A la pretensión de ejemplaridad de la sentencia del tribunal contribuye sin duda el que el condenado fuera considerado por los suyos un erudito religioso, que mostrara público arrepentimiento y que dijera que fueron malévolas fuerzas extremistas, como su propio grupo Ansar Dine y la sucursal de Al Qaeda en el norte de África y el Magreb, las que le llevaron a cometer ese crimen de guerra contra el patrimonio cultural del país.
Sin embargo, el efecto disuasorio del veredicto es dudoso en la medida en que el vasto norte de Malí sigue siendo una encrucijada de grupos islamistas y étnicos cuyos objetivos en muchas ocasiones se solapan y que constituyen un desafío inasequible para el Estado. No obstante, sí ha servido para convertir a Tombuctú en un símbolo internacional de la lucha contra la destrucción de los bienes culturales.
Si bien estos símbolos pueden resultar de gran ayuda, en realidad no pasan de ser gotas de agua en el océano de los masivos destrozos que las guerras contemporáneas, de marcado carácter religioso, están infligiendo sobre monumentos atribuidos a credos tenidos por blasfemos. Tombuctú es un pequeño y bien conocido reducto en el que la legislación internacional se ha apuntado un tanto, pero la escala de la destrucción premeditada del patrimonio empequeñece cualquier símbolo y da idea de lo lejos que están Naciones Unidas u otros organismos internacionales de poder detener la destrucción y llevar a los responsables ante la justicia. En ese sentido, Ahmad al-Faqi al-Mahdi, más allá de la gravedad de su crimen, es poco más que un chivo expiatorio.
La Corte Penal Internacional carece actualmente de los recursos para investigar a las grandes maquinarias bélicas de la destrucción cultural, como la de los talibanes de Afganistán, responsables de dinamitar las milenarias –y, en su opinión, heréticas– esculturas de Buda de Bamian en 2001 (antes de la apertura del tribunal, por lo que ni siquiera tiene la potestad de encargarse de este caso). Aquél fue un crimen muy conocido por su escala, pero se habla menos de la absoluta impunidad de la que gozan sus responsables, y que muy probablemente seguirá siendo la tónica general.

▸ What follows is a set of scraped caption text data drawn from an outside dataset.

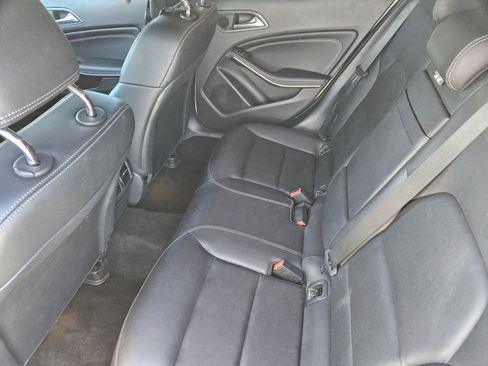 Used 2019 Mercedes-Benz GLA 250 image 29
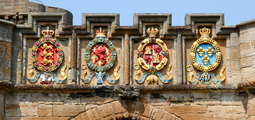 thumbnail of The_Four_Orders_of_Chivalry_on_the_Fore_Entrance_to_Linlithgow_Palace.jpg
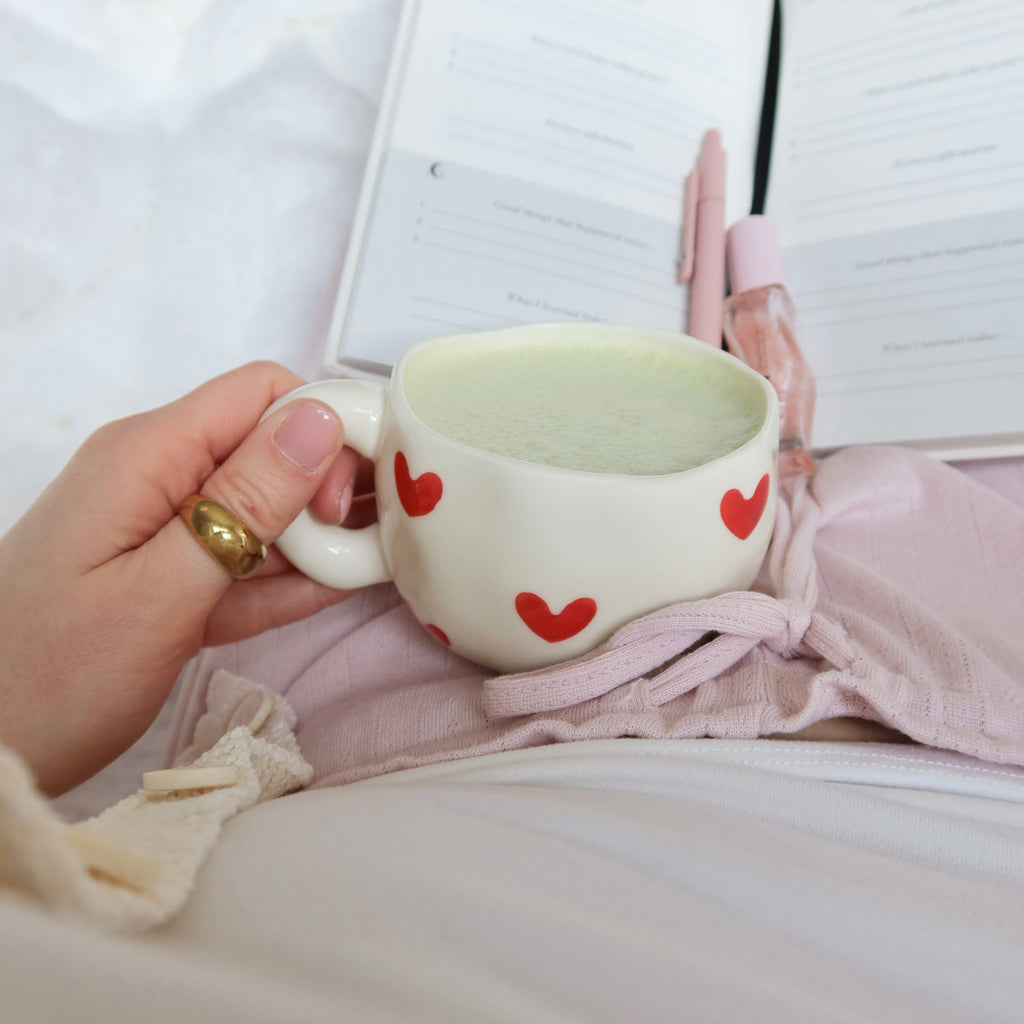 Taza de cerámica para hogar motivo corazones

El tribunal no tiene la capacidad y quizá tampoco los necesarios incentivos para llevar a la justicia a los perpetradores de los crímenes de guerra contra el patrimonio llevados a cabo por los talibanes u otros grupos poderosos. Lo que cabe esperar, según los expertos, es que la muy publicitada victoria que supone el veredicto contra Ahmad al-Faqi al-Mahdi produzca un cierto triunfalismo, la sensación de que se ha enviado un mensaje de beligerancia contra quienes ataquen el patrimonio. Una vez logrado ese efecto, lo normal es que el tribunal dé su misión patrimonial por cumplida y deje de centrarse por un largo tiempo en este tipo de crímenes.
Cuanto más grande es el enemigo, mayor la dificultad para llevar ante la justicia a quienes perpetran crímenes de guerra culturales, incluidos los que han ocurrido hace poco y posiblemente seguirán acaeciendo como consecuencia del conflicto en Siria. Hace meses que salió a la luz la destrucción de valiosísimos recintos y monumentos en el país (y en la vecina Irak) a cargo del autodenominado Estado Islámico (también llamado Daesh). El objetivo de los ataques es tanto llevar a cabo su guerra santa de aniquilación cultural como vender los objetos en el mercado negro para obtener fondos.
Particularmente dañinos, por su valor histórico, son los daños ocasionados a las ruinas de Palmira, consideradas patrimonio cultural de la humanidad por la Unesco. Torres, tumbas y arcos monumentales han quedado reducidos a polvo, mientras que otros espacios de ese conjunto histórico, que antes de la guerra recibía 150.000 visitas al año, han sido utilizados como teatro de ejecuciones.
Además de la destrucción y desacralización deliberada de Palmira y de santuarios considerados infieles por Daesh como parte de su propaganda de reconquista y eliminación de signos heréticos, la antigua ciudad de Aleppo, que también incluye recintos y monumentos considerados patrimonio de la humanidad, ha sido otro gran hito cultural sirio con el que se ha ensañado la guerra. Sus callejuelas, en las que se superponen el periodo romano, el cristiano primitivo y el medieval, son hoy un enjambre de la resistencia a Bachar al Asad y han sido por ello indiscriminadamente atacadas por las fuerzas leales al régimen.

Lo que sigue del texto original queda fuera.